Using a $1 million gift from the Cullen Trust for Health Care, UHCOM will open the facility on the campus of Memorial Hermann Southwest Hospital and plan for it to be the first in a network of clinics that it hopes will open up access to care in Houston, which has the highest rate of uninsured residents in the U.S.

“A direct primary care practice will add value to the local health care ecosystem by tackling one of the most pressing problems of our city: the lack of a comprehensive primary care system for the uninsured,” said University of Houston president, Renu Khator.

High rates of uninsured patients drive up overall healthcare costs for all. With direct primary care, patients can pay a modest monthly membership fee for a broad spectrum of primary healthcare services. Few in Texas and across the U.S., however, specifically target low income patients who do not possess health insurance, especially in Houston, where approximately 25% of the population lacks health insurance. This is more than double the national average.

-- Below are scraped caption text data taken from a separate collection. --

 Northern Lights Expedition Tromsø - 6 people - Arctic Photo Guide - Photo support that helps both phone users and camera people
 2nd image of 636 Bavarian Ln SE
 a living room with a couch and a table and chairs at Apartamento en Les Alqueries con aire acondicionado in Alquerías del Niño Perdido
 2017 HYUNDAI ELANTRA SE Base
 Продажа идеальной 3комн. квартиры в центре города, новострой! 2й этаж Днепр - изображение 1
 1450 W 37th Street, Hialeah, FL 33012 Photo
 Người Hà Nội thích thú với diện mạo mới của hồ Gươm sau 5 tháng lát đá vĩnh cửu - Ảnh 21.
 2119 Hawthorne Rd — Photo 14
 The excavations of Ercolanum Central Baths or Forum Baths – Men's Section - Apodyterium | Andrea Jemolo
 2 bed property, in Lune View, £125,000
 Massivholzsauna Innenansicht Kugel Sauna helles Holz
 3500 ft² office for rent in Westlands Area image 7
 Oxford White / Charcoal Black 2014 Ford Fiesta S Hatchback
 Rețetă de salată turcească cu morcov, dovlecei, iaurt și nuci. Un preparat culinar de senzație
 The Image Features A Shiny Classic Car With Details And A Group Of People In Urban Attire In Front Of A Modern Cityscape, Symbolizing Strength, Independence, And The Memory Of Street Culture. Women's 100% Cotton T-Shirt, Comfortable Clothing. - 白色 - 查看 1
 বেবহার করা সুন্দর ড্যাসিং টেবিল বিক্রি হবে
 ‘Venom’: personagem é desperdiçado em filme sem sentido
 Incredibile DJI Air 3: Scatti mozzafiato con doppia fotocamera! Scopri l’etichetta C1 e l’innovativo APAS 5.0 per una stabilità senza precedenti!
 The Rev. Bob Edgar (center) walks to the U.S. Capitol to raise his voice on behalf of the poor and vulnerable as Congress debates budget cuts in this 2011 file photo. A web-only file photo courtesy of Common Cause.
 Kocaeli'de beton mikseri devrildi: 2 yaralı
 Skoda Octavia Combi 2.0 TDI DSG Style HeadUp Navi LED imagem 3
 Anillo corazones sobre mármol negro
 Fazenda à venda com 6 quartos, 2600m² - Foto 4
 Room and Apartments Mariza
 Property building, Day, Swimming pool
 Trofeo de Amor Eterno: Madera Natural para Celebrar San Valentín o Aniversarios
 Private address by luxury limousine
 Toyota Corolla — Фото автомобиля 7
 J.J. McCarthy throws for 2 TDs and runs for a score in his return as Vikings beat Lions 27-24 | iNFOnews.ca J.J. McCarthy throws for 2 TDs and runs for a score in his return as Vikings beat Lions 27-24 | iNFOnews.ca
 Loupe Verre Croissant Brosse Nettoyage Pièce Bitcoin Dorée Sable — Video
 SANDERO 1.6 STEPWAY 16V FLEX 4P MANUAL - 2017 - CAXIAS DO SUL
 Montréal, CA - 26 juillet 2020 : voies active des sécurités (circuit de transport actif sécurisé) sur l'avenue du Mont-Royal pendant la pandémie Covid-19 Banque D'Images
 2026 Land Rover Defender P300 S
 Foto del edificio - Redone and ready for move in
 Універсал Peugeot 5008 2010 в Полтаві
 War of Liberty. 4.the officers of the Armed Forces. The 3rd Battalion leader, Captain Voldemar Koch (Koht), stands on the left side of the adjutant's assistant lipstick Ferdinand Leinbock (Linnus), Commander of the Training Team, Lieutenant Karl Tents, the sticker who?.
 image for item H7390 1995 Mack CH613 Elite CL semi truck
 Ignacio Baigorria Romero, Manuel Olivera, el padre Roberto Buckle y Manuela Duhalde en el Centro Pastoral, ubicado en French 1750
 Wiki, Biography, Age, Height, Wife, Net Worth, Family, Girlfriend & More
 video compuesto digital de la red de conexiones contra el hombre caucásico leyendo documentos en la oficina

Under the UHCOM’s DPC, patients will have access to comprehensive primary care services, telehealth, basic office procedures, at cost laboratory testing and access to medications at reduced prices. Same-day or next-day appointments will be guaranteed. The clinic will be located in Southwest Houston where nearly one in three people live below the federal poverty line, and the uninsured rate is 45%. This is five times higher than the nation (9%).

UHCOM faculty physicians will work on-site as staff and train UH health professions students at the facility. In addition to access for uninsured patients, the facility will enhance focus on population health and social determinants of health, and aims to form trusting relationships with these patients. The university hopes to establish DPC practices in other communities of Greater Houston to reduce health disparities.

“We aim to improve the health of our patients by addressing their social determinants of health and effectively managing their chronic conditions, while avoiding unnecessary hospitalizations or emergency visits,” said Omar Matuk-Villazon, director of the direct primary care clinic and UHCOM clinical assistant professor of pediatrics. “Bottom line, our goal is to partner with our patients to improve their health.”